Rassemblement de soutien à la famille d'Ingrid Betancourt, 5 ans jour pour jour après l'enlèvement de la jeune femme, le 23 février 2007 © TF1/LCILa famille et les comités de soutien d'Ingrid Betancourt ont multiplié vendredi les initiatives pour marquer le 5e anniversaire de son enlèvement. Au cours d'une conférence de presse à Paris, les deux enfants et l'ex-mari d'Ingrid Betancourt ont dénoncé l'inaction du gouvernement français et l'attitude du président Alvaro Uribe face à la guérilla des Forces armées révolutionnaires de Colombie (FARC). "Au bout de cinq ans, on se rend compte qu'on a ressenti en France une grande compassion mais qu'il n'y a pas eu de volonté politique", a déploré Mélanie Delloye, la fille de l'otage âgée de 21 ans.
Avec son frère Lorenzo, elle a vivement dénoncé la volonté du président colombien de recourir à la force "alors qu'il sait pertinemment qu'une opération militaire ne peut finir que dans un bain de sang" et reproché au gouvernement français de se laisser "marcher sur les pieds" par le président Uribe. "Pourquoi, sachant que le Congrès américain est devenu démocrate, est-ce que le gouvernement français ne s'est pas dirigé vers les Etats-Unis, sachant qu'il y a (en Colombie) trois otages qui sont Américains?", a demandé Lorenzo, 18 ans. "Nous avons un dialogue régulier avec les Américains sur ce sujet", s'est défendu un porte-parole du ministère français des Affaires étrangères, Denis Simonneau.
"Hâter la fin de cette épreuve"
L'ex-mari d'Ingrid Betancourt, Fabrice Delloye, a qualifié Alvaro Uribe de "férocement dangereux". "Le président Uribe a l'habitude de raconter tout et son contraire", a-t-il dit. S'en prenant aussi aux Forces armées révolutionnaires de Colombie, il a ajouté : "Nous sommes entre deux monstruosités".
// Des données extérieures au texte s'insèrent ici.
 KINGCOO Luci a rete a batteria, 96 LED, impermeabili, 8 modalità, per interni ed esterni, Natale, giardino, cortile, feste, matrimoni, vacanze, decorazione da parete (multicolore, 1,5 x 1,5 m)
Mélanie Delloye a renouvelé son appel aux candidats à l'élection présidentielle française d'avril-mai : "Vous aurez demain le destin de tous les Français entre vos mains. Vous devrez n'en oublier aucun". La famille a notamment reçu le soutien des deux favoris, Ségolène Royal et Nicolas Sarkozy.
Après la conférence de presse, un rassemblement de soutien s'est tenu place Saint-Michel, dans le quartier latin à Paris. Dans l'après-midi, la Place de Colombie, dans le 16e arrondissement de la capitale, a été symboliquement rebaptisée "Place pour la libération d'Ingrid Betancourt", à l'initiative d'un collectif d'artistes et d'écrivains. Dans une lettre à la mère d'Ingrid, Yolanda Pulecio, le président Jacques Chirac a assuré de son côté que la France faisait "tout ce qui est possible pour hâter la fin de cette épreuve".